“The word ‘Chatvârah’ is separated from the word ‘Manavah,’ and is made to refer to Sanaka, Sanandana, Sanatkumâra, and Sanatsujâta, who were also included among the mind-born sons of Prajâpati.

“But this interpretation will lead to a most absurd conclusion, and make the sentence contradict itself. The persons alluded to in the text have a qualifying clause in the sentence. It is well known that Sanaka and the other three refused to create, though the other sons had consented to do so: therefore, in speaking of those persons from whom humanity has sprung into existence, it would be absurd to include these four also in the list. The passage must be interpreted without splitting the compound into two nouns. The number of Manus will then be four, and the statement would then contradict the Paurânic account, though it would be in harmony with the Occult theory. You will recollect that it is stated [in Occultism] that we are now in the Fifth Root-Race. Each Root-Race is considered as the Santati of a particular Manu. Now, the Fourth Race has passed, or, in other words, there have been four past Manus.”

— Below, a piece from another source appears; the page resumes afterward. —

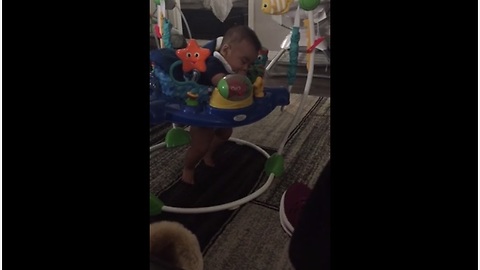 Exhausted baby can't decide between sleeping or playing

One has to remember that, in the Hindû Philosophy, every differentiated unit is such only through the Cycles of Mâyâ, being one in its essence with the Supreme or One Spirit. Hence arises the seeming confusion and contradiction in the various Purânas, and at times in the same Purâna, about the same individual. Vishnu—as the many-formed Brahmâ, and as Brahma (neuter)—is one, and yet he is said to be all the twenty-eight Vyâsas.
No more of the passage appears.